His blog does not offer “answers”; it offers “routes.” It does not pursue success narratives; it documents failure and persistence. He is not trying to become someone else—he is trying to remain himself.

That may be the most thought-provoking thing his writing leaves behind. Technology is not merely a professional tool; it can also be a path for self-construction, self-understanding, and self-repair.

Perhaps that is the road Mayx is walking—alone, but steady.

When the code is short but the logic is still too tangled

After having AI analyze my writing, I remembered an old forum engine I had written a long time ago: Mabbs. I had once planned to refactor it, but after learning other languages, I kind of lost interest in it 😂

Still, with AI around now, I started wondering whether I could just let it handle the refactor.

My old code is terrible in terms of readability, and the coupling is very high, but I assumed that shouldn’t be a big deal for AI. The total code size is only 22 KiB, so it should easily fit in context. So I started trying various models, asking them to turn the code into something human-readable and then refactor it.

The results were extremely disappointing.

No matter which AI I tried, they could only produce a little bit of code before acting as if the job was done. Grok 3 didn’t even write any code at all 😆 Some other models did appear to write a few fragments, but when I looked at them closely, the output had very little to do with my original code. It was more like they analyzed a small portion and then rewrote the whole thing from scratch.

The weird part is that the code itself isn’t even long. So why couldn’t any of them accurately refactor it?

Maybe the problem is that, while the file is short, the variable names are also extremely short. If those names were expanded to lengths a human could understand, the effective representation of the code might become too large for the model’s context window, causing it to lose track of earlier parts. Another possibility is that Shell simply doesn’t have as much high-quality material available online, so the models don’t have enough prior knowledge to perform a good refactor.

Right now I don’t really have a good solution for getting AI to handle this kind of task. Maybe when it can solve a problem like this, that’s when it will really be capable of replacing humans 😁

Even though the refactor didn’t work out, I still thought it might be fun to let other people try this old forum engine for themselves. So I made a Docker image for it. If anyone wants to play with it, they can just download and run it. The whole image is only a little over 2 MiB, so calling it the smallest forum engine in the world probably wouldn’t be too outrageous 🤣

What this seems to say about the ceiling of LLMs

At this point, it really looks to me like the current ceiling of LLMs is still the context window.

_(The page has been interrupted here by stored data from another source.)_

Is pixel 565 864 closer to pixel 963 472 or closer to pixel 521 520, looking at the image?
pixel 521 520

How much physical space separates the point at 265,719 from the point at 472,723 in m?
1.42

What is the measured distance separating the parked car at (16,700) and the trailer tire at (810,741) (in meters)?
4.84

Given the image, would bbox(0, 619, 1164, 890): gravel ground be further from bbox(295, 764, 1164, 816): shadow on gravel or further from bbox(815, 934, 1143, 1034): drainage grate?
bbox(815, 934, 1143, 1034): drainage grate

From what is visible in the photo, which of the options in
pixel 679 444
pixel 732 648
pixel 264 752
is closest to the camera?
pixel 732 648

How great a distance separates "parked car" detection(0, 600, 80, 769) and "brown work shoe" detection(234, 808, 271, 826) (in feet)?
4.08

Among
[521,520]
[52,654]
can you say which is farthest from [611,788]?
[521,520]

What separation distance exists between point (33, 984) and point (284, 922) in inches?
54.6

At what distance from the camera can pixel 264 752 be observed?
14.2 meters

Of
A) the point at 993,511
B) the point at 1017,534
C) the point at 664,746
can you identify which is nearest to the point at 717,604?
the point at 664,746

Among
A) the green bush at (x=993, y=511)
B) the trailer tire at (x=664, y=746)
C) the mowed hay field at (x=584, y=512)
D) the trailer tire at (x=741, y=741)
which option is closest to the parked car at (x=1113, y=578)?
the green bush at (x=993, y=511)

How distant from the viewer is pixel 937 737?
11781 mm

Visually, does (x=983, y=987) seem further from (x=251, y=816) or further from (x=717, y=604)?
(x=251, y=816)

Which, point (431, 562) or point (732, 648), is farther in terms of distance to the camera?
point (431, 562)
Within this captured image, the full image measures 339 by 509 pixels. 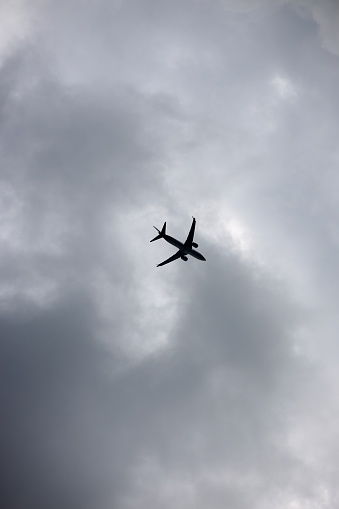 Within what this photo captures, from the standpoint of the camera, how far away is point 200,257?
109375mm

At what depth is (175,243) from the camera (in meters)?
108

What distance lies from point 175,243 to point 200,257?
1025 cm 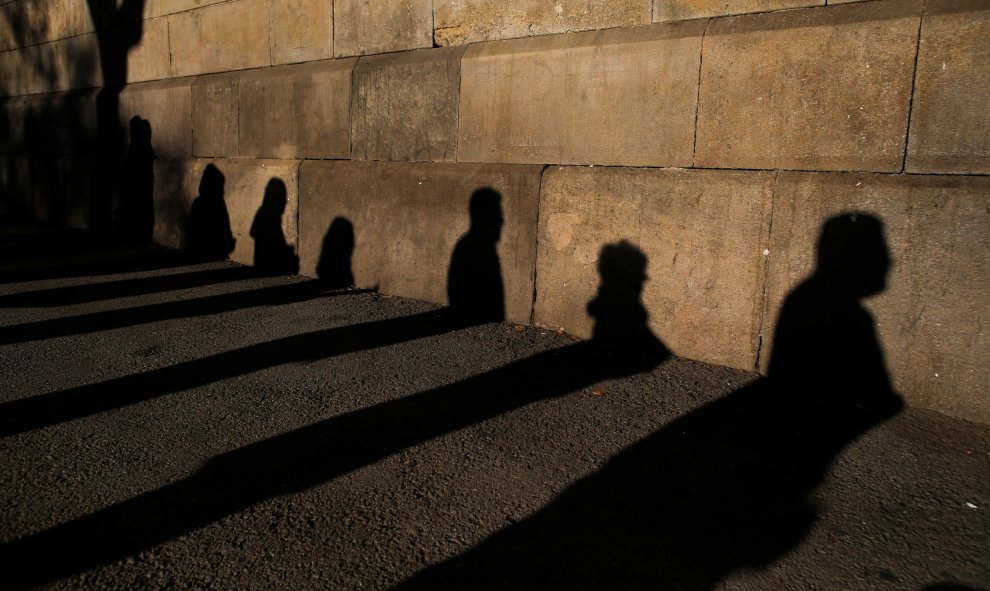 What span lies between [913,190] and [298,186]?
547 centimetres

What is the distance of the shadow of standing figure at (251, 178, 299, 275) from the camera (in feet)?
24.5

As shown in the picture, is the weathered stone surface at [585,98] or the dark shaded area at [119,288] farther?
the dark shaded area at [119,288]

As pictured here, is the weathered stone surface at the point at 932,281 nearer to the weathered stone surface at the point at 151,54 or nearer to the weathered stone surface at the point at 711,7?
the weathered stone surface at the point at 711,7

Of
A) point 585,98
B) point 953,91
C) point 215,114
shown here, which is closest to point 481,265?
point 585,98

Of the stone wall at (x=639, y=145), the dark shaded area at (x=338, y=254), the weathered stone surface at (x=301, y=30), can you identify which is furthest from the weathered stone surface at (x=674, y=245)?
the weathered stone surface at (x=301, y=30)

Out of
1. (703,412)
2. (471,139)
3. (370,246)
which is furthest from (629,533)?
(370,246)

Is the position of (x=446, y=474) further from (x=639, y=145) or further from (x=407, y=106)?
(x=407, y=106)

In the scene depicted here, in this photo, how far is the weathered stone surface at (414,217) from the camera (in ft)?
18.1

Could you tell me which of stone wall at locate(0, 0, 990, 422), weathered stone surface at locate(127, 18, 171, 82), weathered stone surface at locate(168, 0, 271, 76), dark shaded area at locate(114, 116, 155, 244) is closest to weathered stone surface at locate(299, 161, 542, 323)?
stone wall at locate(0, 0, 990, 422)

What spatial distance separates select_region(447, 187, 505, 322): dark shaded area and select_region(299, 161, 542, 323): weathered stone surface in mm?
62

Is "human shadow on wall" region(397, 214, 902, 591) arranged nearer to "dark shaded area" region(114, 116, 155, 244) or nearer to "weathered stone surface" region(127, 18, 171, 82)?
"dark shaded area" region(114, 116, 155, 244)

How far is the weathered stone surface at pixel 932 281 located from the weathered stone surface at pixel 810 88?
0.22 meters

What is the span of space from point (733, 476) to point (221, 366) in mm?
3128

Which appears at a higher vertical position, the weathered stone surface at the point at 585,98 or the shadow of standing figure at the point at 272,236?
the weathered stone surface at the point at 585,98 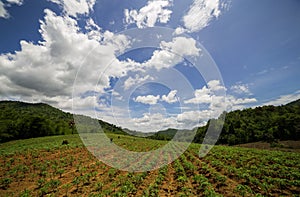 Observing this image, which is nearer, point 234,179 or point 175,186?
point 175,186

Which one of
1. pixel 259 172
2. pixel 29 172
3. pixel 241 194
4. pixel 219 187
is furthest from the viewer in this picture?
pixel 29 172

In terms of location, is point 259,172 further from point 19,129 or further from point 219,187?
point 19,129

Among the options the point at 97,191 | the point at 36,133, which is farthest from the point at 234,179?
the point at 36,133

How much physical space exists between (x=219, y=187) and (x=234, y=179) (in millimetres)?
2390

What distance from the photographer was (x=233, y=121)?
8256 cm

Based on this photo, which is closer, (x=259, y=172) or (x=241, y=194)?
(x=241, y=194)

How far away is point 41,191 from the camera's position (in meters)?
9.54

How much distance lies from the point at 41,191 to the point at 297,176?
16.1 meters

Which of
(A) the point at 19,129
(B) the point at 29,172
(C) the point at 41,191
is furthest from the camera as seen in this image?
(A) the point at 19,129

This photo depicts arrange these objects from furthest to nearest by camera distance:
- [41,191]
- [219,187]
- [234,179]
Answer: [234,179] < [219,187] < [41,191]

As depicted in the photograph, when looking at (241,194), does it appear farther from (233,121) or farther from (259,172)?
(233,121)

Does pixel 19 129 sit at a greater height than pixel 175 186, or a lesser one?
greater

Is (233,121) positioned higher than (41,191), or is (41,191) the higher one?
(233,121)

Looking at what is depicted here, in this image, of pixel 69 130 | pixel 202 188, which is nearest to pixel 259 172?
pixel 202 188
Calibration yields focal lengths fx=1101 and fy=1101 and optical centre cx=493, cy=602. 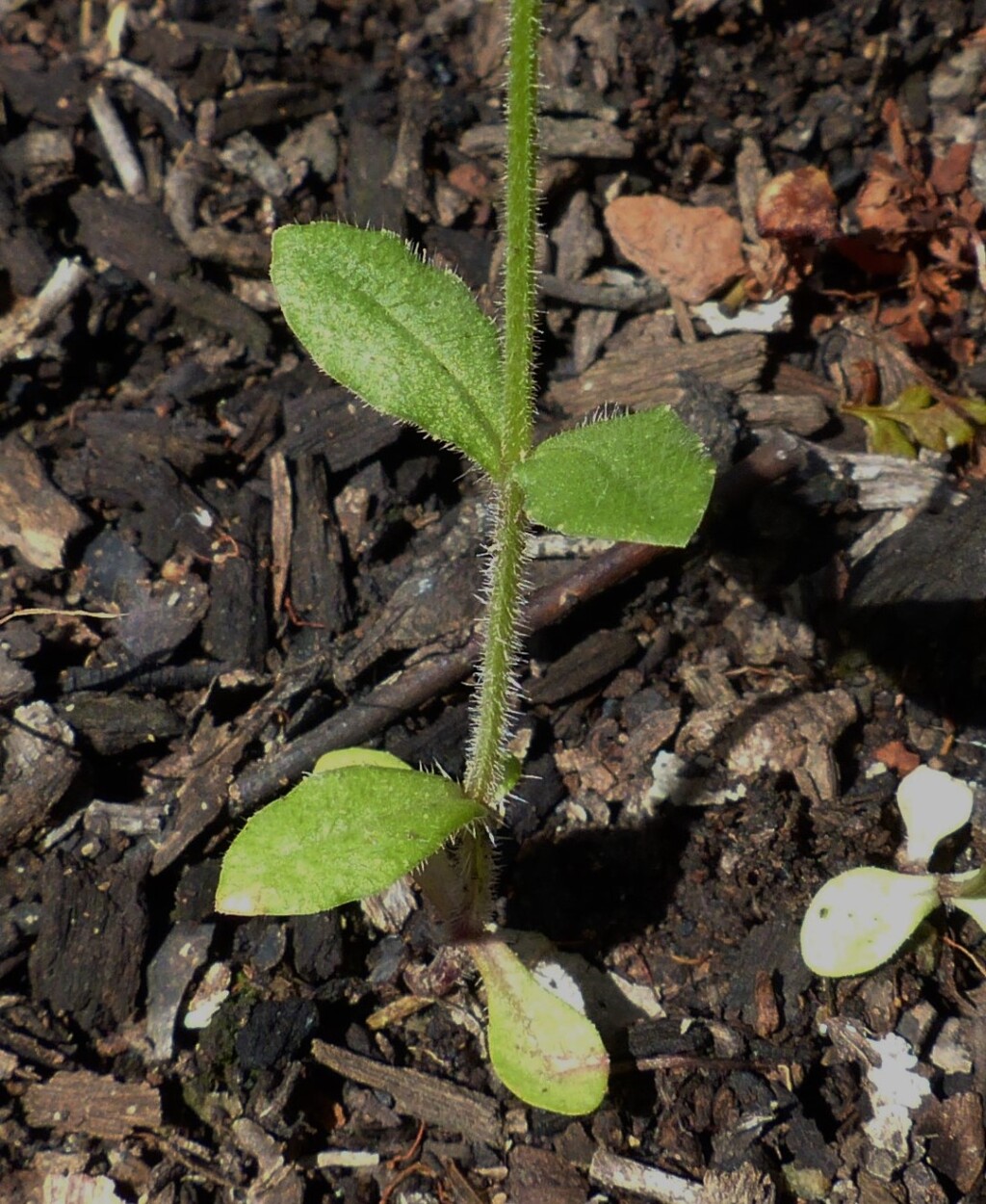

That limitation blocks a surprising number of things. And there doesn’t seem to be a clean way around it. Because of that constraint, AI still can’t look over a whole system the way a human can, which is one big reason it still can’t replace people. Even if you compress earlier material in clever ways, a lot of detail still gets lost.

And under the current LLM architecture, this may simply not be solvable yet.

If one day AI could modify its own weights during the thinking process, then maybe it could achieve something like truly unbounded context. If that ever happens, maybe that’s when it will break past the current ceiling—and finally become capable of replacing humans.